In January 2026, a crypto holder lost an estimated $282 million in Bitcoin and Litecoin due to a social engineering incident. The user protected their assets with a hardware wallet but was tricked into sending them to an attacker through a customer support social engineering scam.
Inside the Attack
Hardware wallets are a security best practice in the crypto space. Storing keys on these wallets reduces the risk that they will be stolen by an attacker via malware or other means. However, they don’t defend against social engineering hacks.
In the largest social engineering hack of a crypto user to date, an attacker impersonated the customer support team from Trezor to steal an estimated $282 million from a crypto holder. As part of the scam, the attacker convinced the user to hand over the seed phrase for their hardware wallet.

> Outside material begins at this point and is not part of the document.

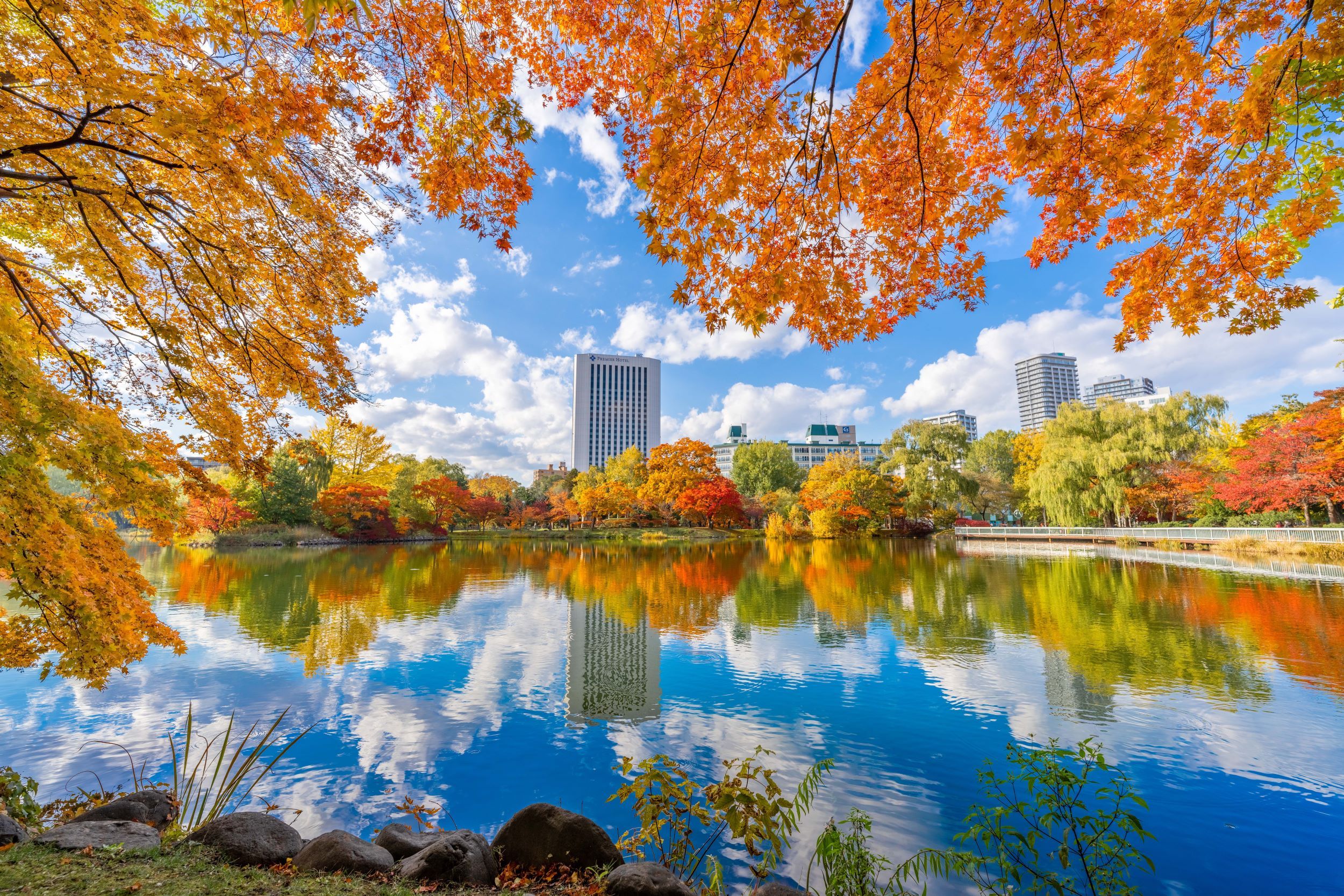 秋天的中島公園添上紅色及金黃的色彩。(官網相片).jpg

Seed phrases or mnemonic phrases are a series of words that represent a private key. Since these are easier to remember, write down, and enter into a system without making a mistake, they improve the usability of crypto wallets. However, these phrases are equivalent to a private key, and someone with a seed phrase can calculate the corresponding key and generate valid digital signatures for the targeted account(s). For hardware wallets, a seed phrase is used as the basis for generating a set of private keys used to secure other on-chain accounts.
In this case, the attacker drained about $282 million in BTC and LTC from the accounts secured by the hardware wallet. Some of the funds were converted to Monero, and some Bitcoin was transferred to Ethereum, Ripple, and Litecoin.
Lessons Learned from the Attack
This social engineering attack demonstrated the importance of considering attack vectors that target the human in addition to those exploiting technical vulnerabilities. In this case, the target of the attack used a hardware wallet, which wasn’t exposed via cryptographic failures, supply chain issues, or similar threats.
Instead, the attacker tricked the user into revealing a highly-sensitive piece of information: the seed phrase for their hardware wallet. With this information, the protection offered by the hardware wallet is nullified since every key it contains can be calculated using this phrase. For this reason, no legitimate customer support service will ask for the seed phrase of a user’s hardware wallet.